◆ ACTIVITY ◆
Your output should be the lines below from the one holding "2 woman carry" through the one holding "Two children sitting", transcribed exactly, with no pictures.

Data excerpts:
......

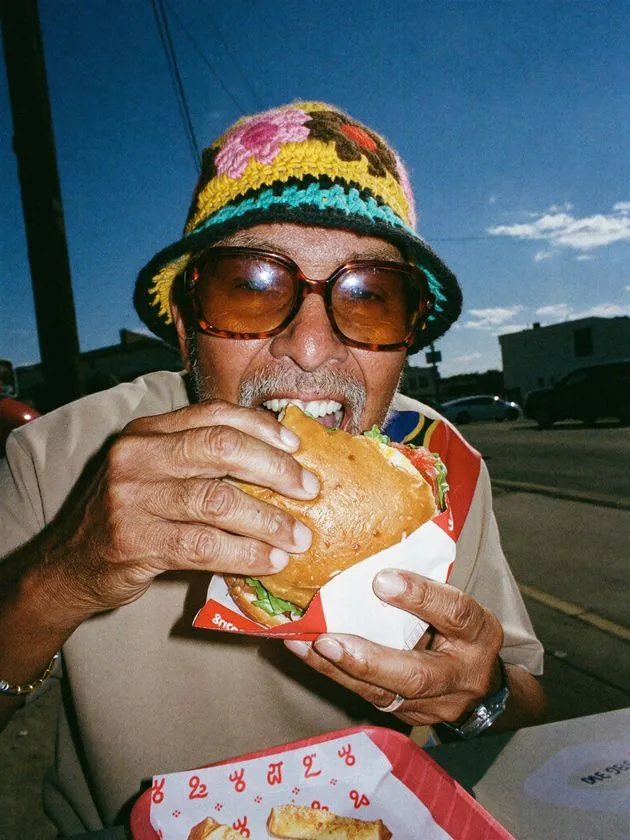 Cliente disfrutando una hamburguesa al aire libre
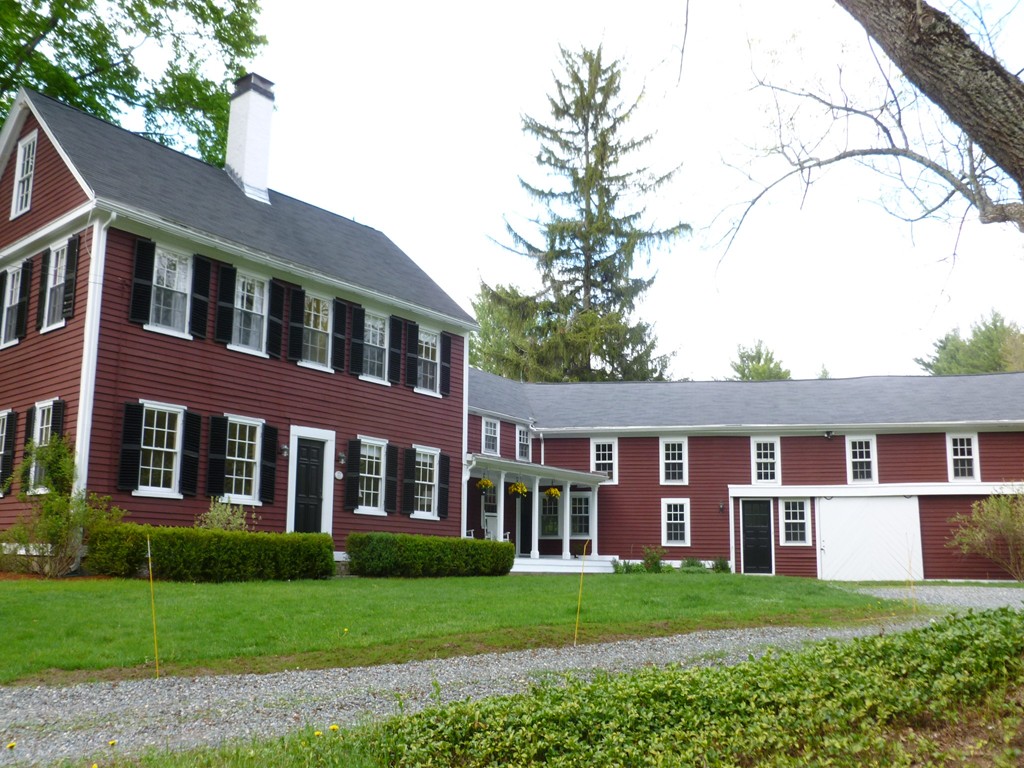 20 Topsfield Road Boxford, MA 01921 - Photo 29 of 30 a front view of a house with a garden and trees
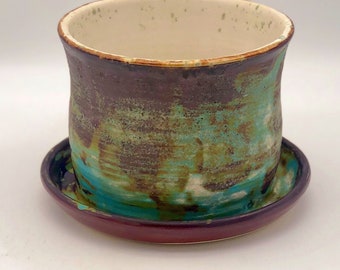 May include: A ceramic planter with a brown, green and blue glaze. The planter has a matching saucer.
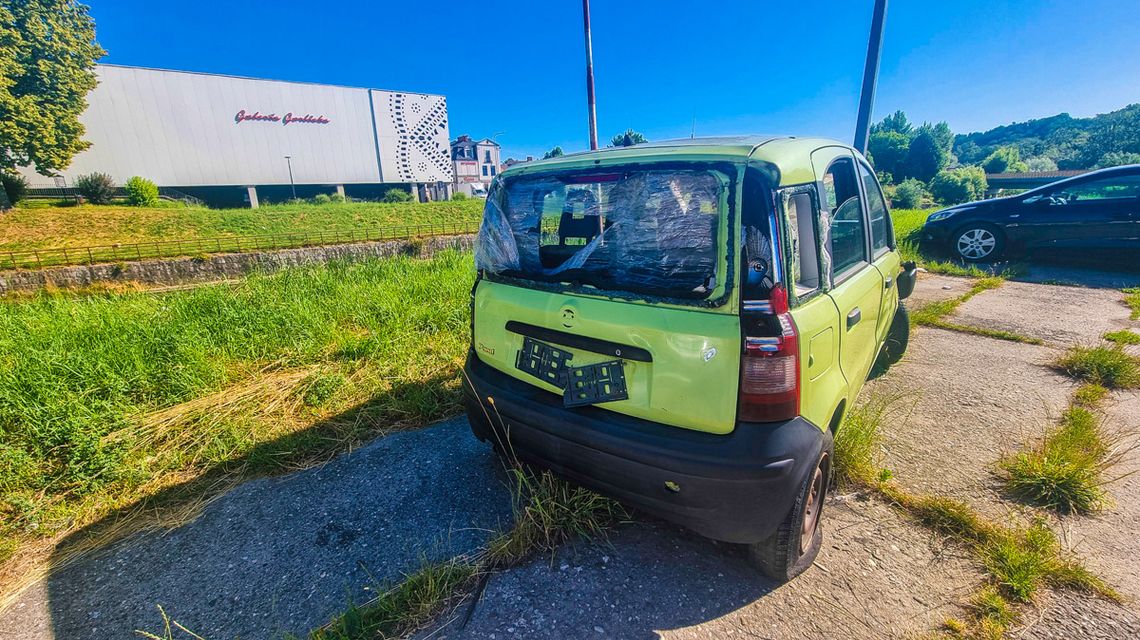 zdjęcie przedstawia zdezelowany samochód stojący na parkingu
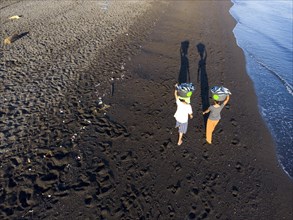 2 woman carry the freshly caught fish in the morning over the black lava beach of Amed, Karangasem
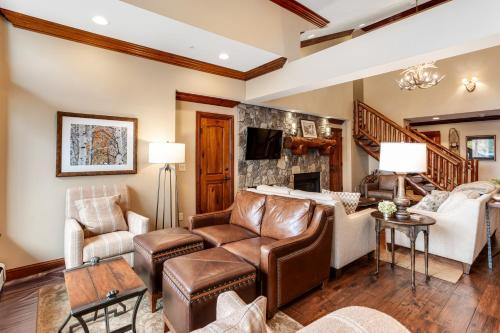 a living room with leather furniture and a fireplace at Lion Square Lodge East 313 in Vail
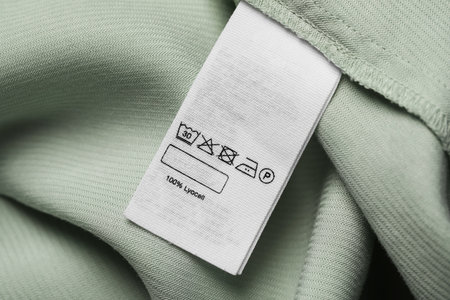 Clothing label on light green garment, top viewの写真素材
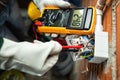 Electrician at work on a residential electrical system. Electricity Royalty Free Stock Photo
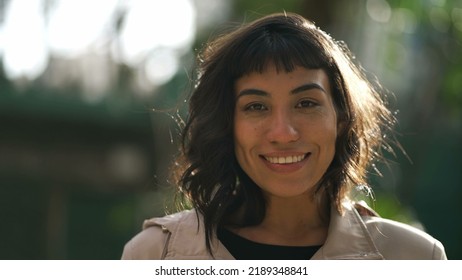 One Young Hispanic Woman Standing Outside With Sun Flare Shining. Portrait Of A South American Girl In Her 20s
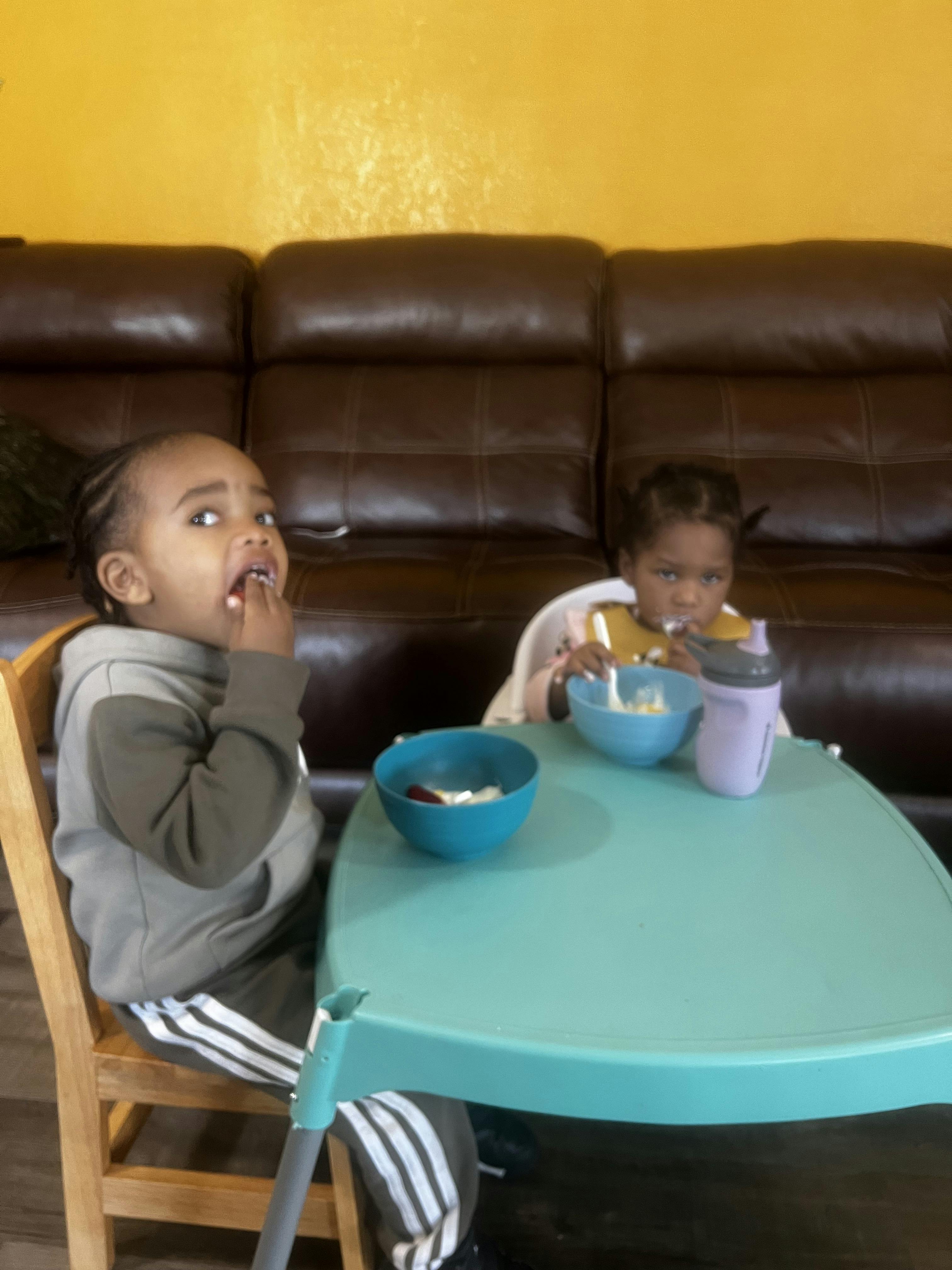 Two children sitting at a table with bowls of food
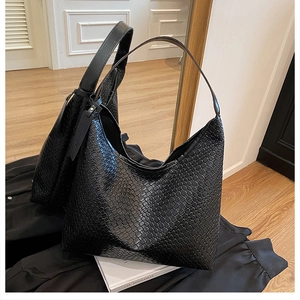 Detailed close-up of a large black woven leather tote bag showing intricate grid texture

......

◆ RESPONSE TO THIS EXERCISE ◆
 2 woman carry the freshly caught fish in the morning over the black lava beach of Amed, Karangasem
 a living room with leather furniture and a fireplace at Lion Square Lodge East 313 in Vail
 Clothing label on light green garment, top viewの写真素材
 Electrician at work on a residential electrical system. Electricity Royalty Free Stock Photo
 One Young Hispanic Woman Standing Outside With Sun Flare Shining. Portrait Of A South American Girl In Her 20s
 Two children sitting at a table with bowls of food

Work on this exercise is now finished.